## DATA:
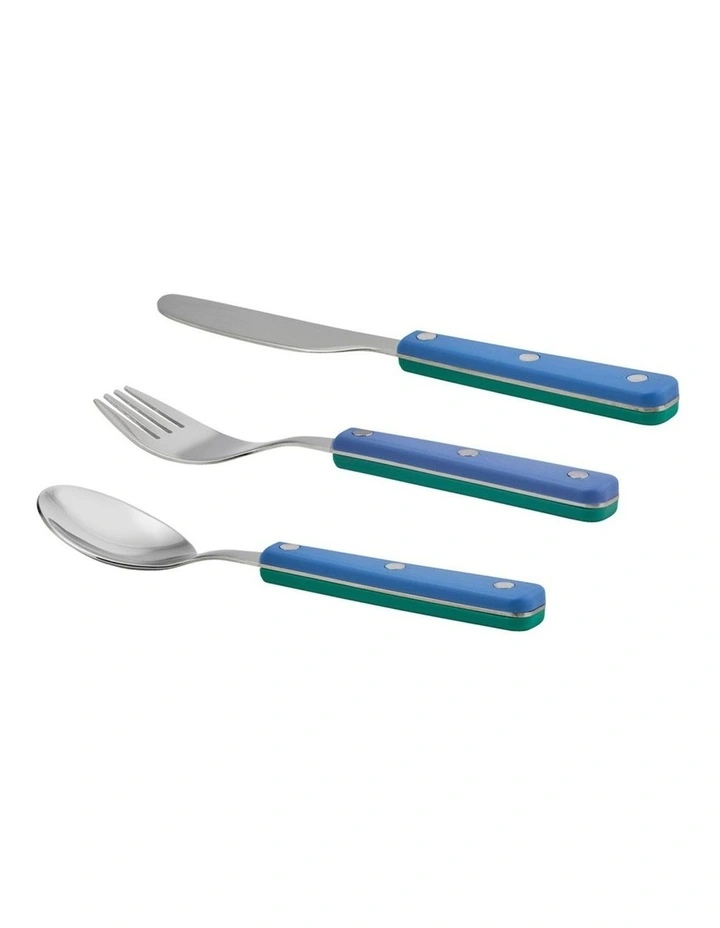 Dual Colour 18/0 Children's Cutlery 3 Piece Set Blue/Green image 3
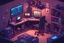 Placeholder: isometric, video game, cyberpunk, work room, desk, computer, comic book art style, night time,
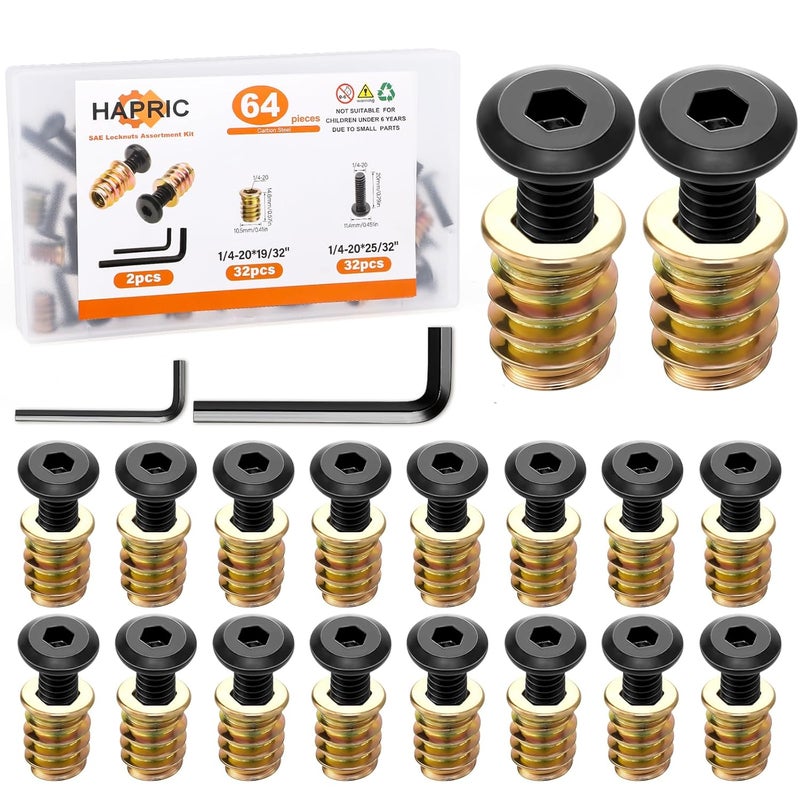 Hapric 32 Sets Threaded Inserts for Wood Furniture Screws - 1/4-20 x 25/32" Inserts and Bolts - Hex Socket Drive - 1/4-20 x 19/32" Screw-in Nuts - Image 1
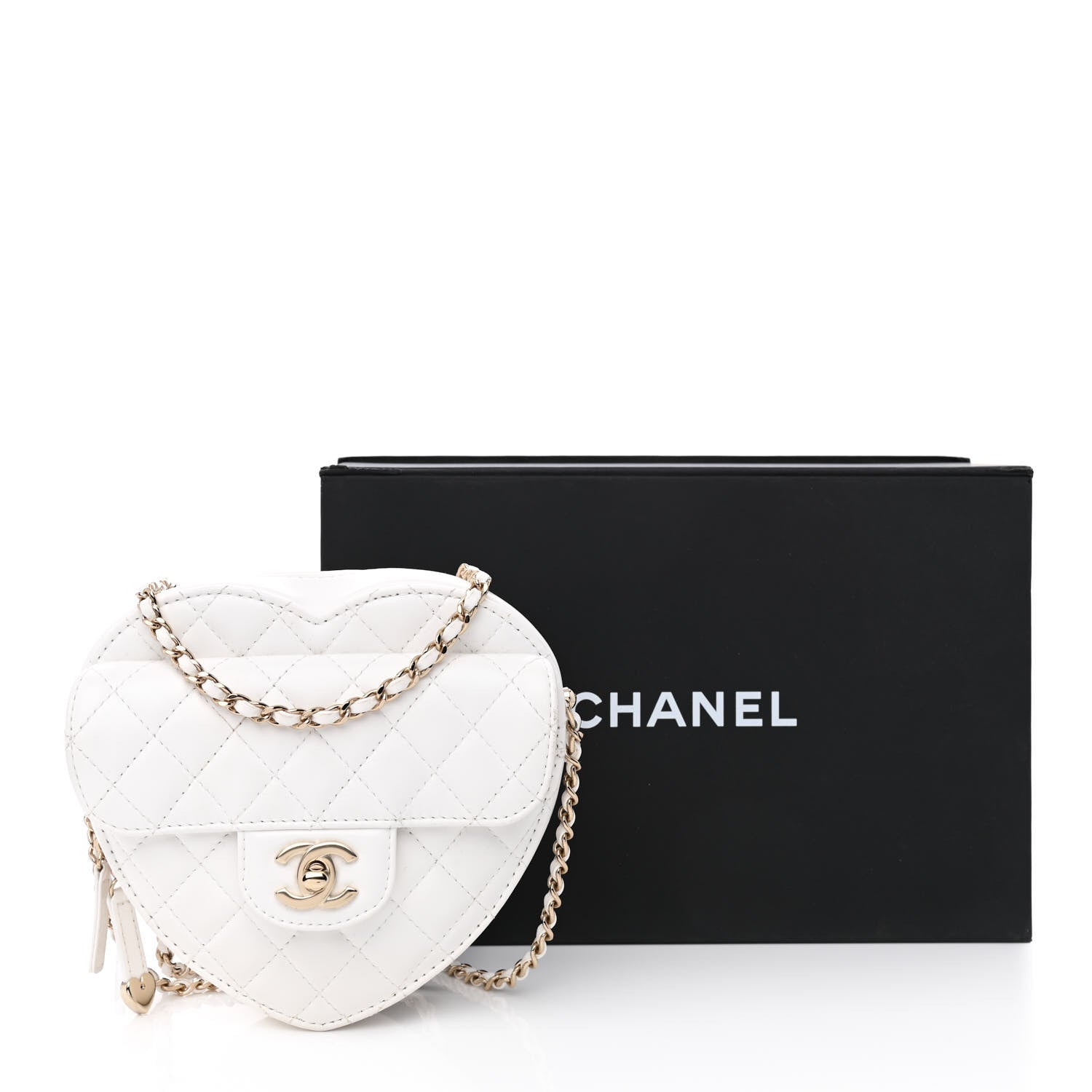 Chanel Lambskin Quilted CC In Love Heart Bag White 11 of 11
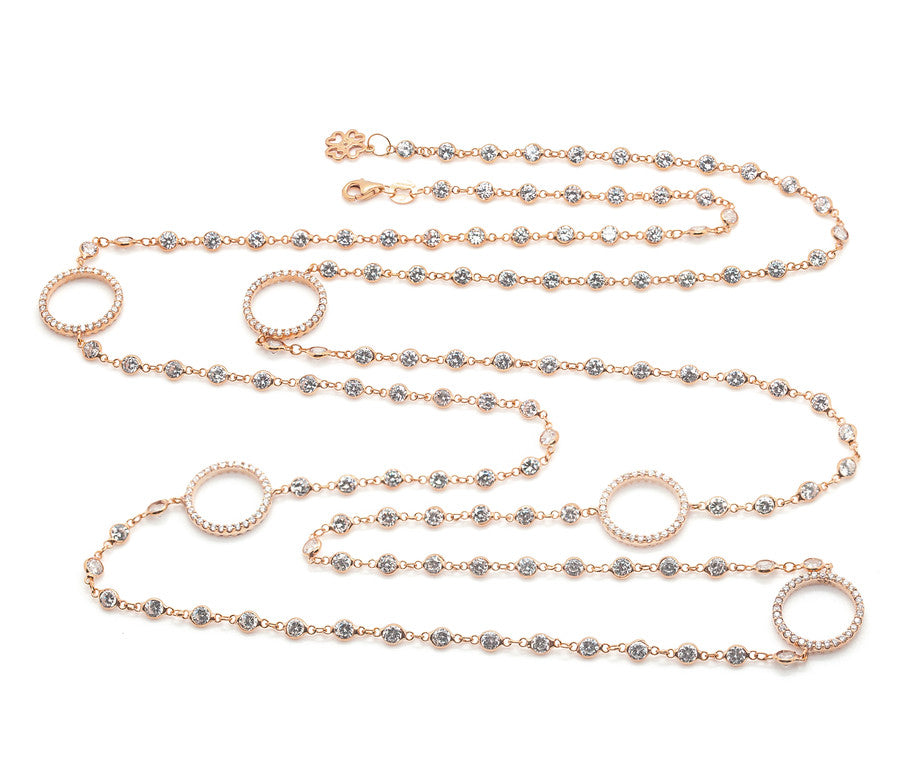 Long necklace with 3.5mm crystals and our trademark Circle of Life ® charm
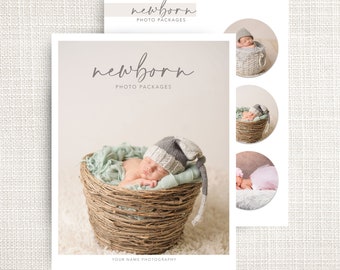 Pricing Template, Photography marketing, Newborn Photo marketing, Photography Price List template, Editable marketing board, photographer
--
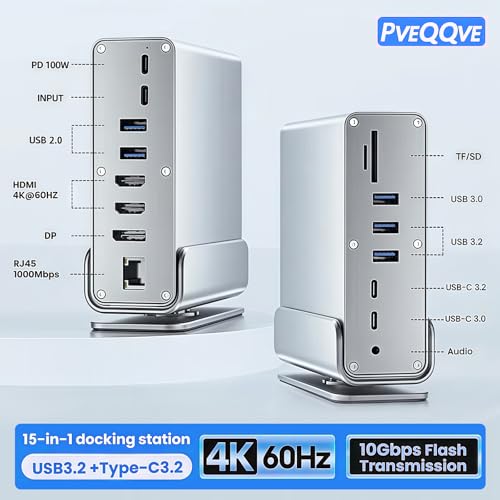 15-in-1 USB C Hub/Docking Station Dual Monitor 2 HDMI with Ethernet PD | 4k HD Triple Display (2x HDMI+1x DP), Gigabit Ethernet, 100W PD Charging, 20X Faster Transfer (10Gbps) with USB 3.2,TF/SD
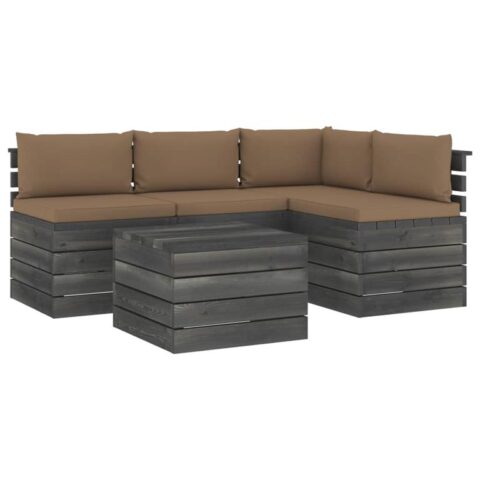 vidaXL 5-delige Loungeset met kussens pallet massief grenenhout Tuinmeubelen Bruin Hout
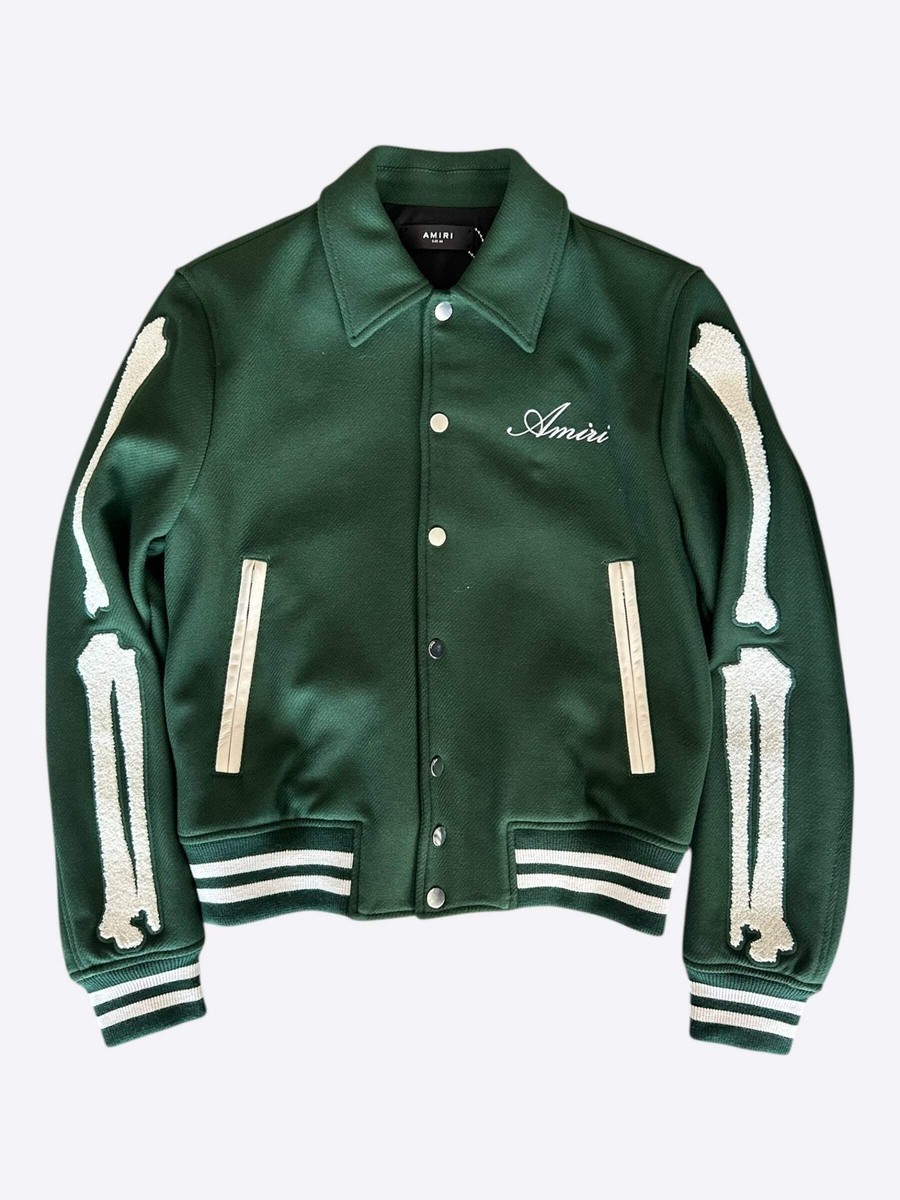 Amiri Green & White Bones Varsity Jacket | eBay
==
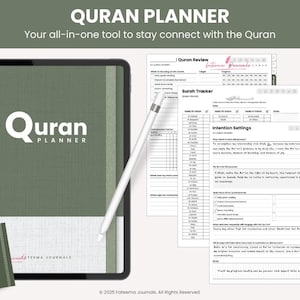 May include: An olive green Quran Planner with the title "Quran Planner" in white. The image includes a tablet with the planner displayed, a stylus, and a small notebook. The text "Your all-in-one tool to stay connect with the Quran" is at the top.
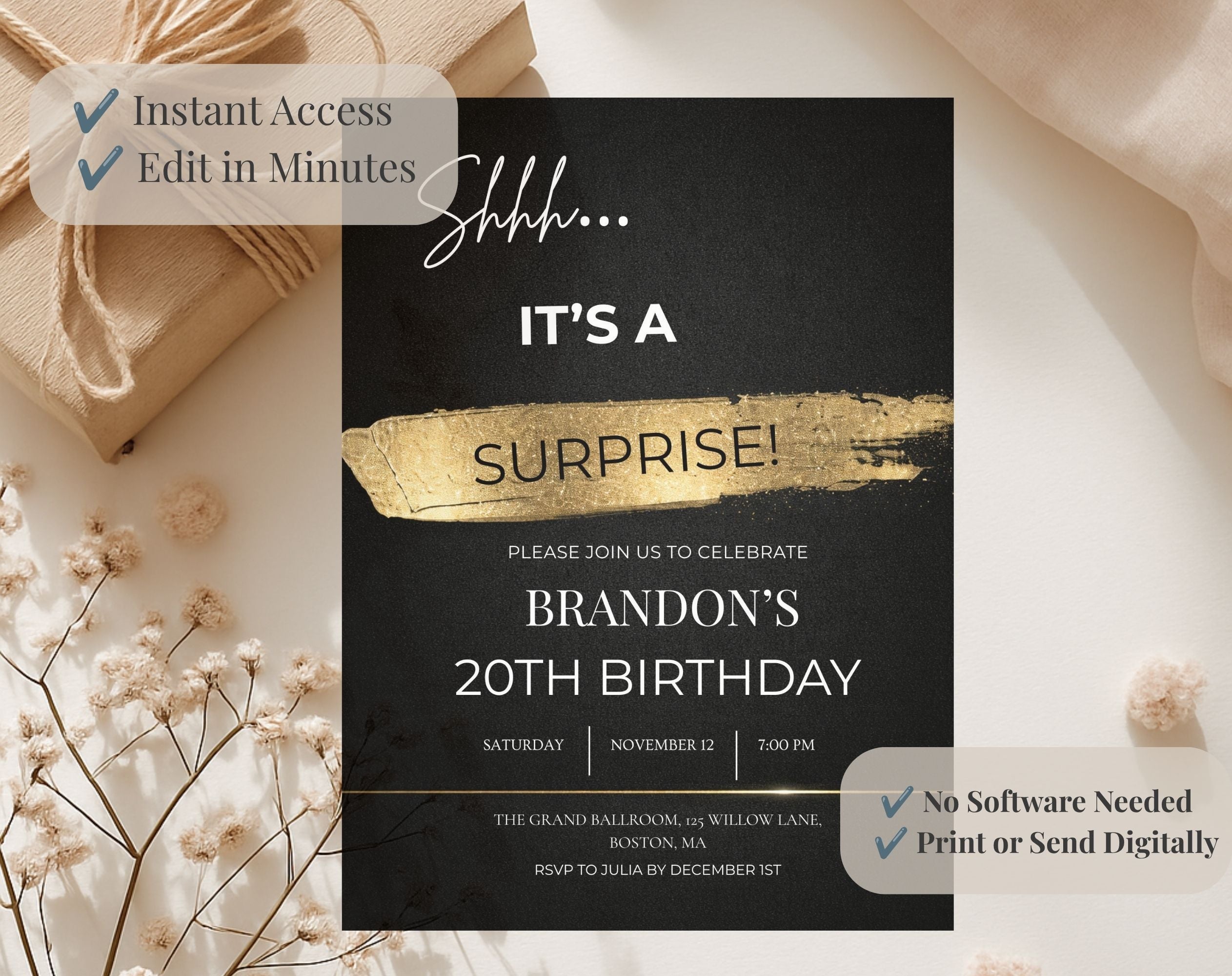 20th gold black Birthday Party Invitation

## ASSIGNED TASK:
When copying from the data above, print only the lines from the line containing "vidaXL 5-delige Loungeset" to the line containing "Amiri Green &", exactly, and leave the pictures out.

## EXPECTED OUTPUT:
 vidaXL 5-delige Loungeset met kussens pallet massief grenenhout Tuinmeubelen Bruin Hout
 Amiri Green & White Bones Varsity Jacket | eBay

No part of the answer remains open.